### TASK OBJECTIVE
When you reach the line containing "25506 Virginia Drive Warren City MI 48091" in the entries below, start writing out each line exactly, and stop after the line containing "Позашляховик / Кросовер".

### TASK INPUTS
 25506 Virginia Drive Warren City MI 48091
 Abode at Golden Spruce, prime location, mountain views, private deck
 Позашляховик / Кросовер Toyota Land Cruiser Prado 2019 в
* * *
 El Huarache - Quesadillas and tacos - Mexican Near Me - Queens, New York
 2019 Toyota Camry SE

### WRITTEN SOLUTION
 25506 Virginia Drive Warren City MI 48091
 Abode at Golden Spruce, prime location, mountain views, private deck
 Позашляховик / Кросовер Toyota Land Cruiser Prado 2019 в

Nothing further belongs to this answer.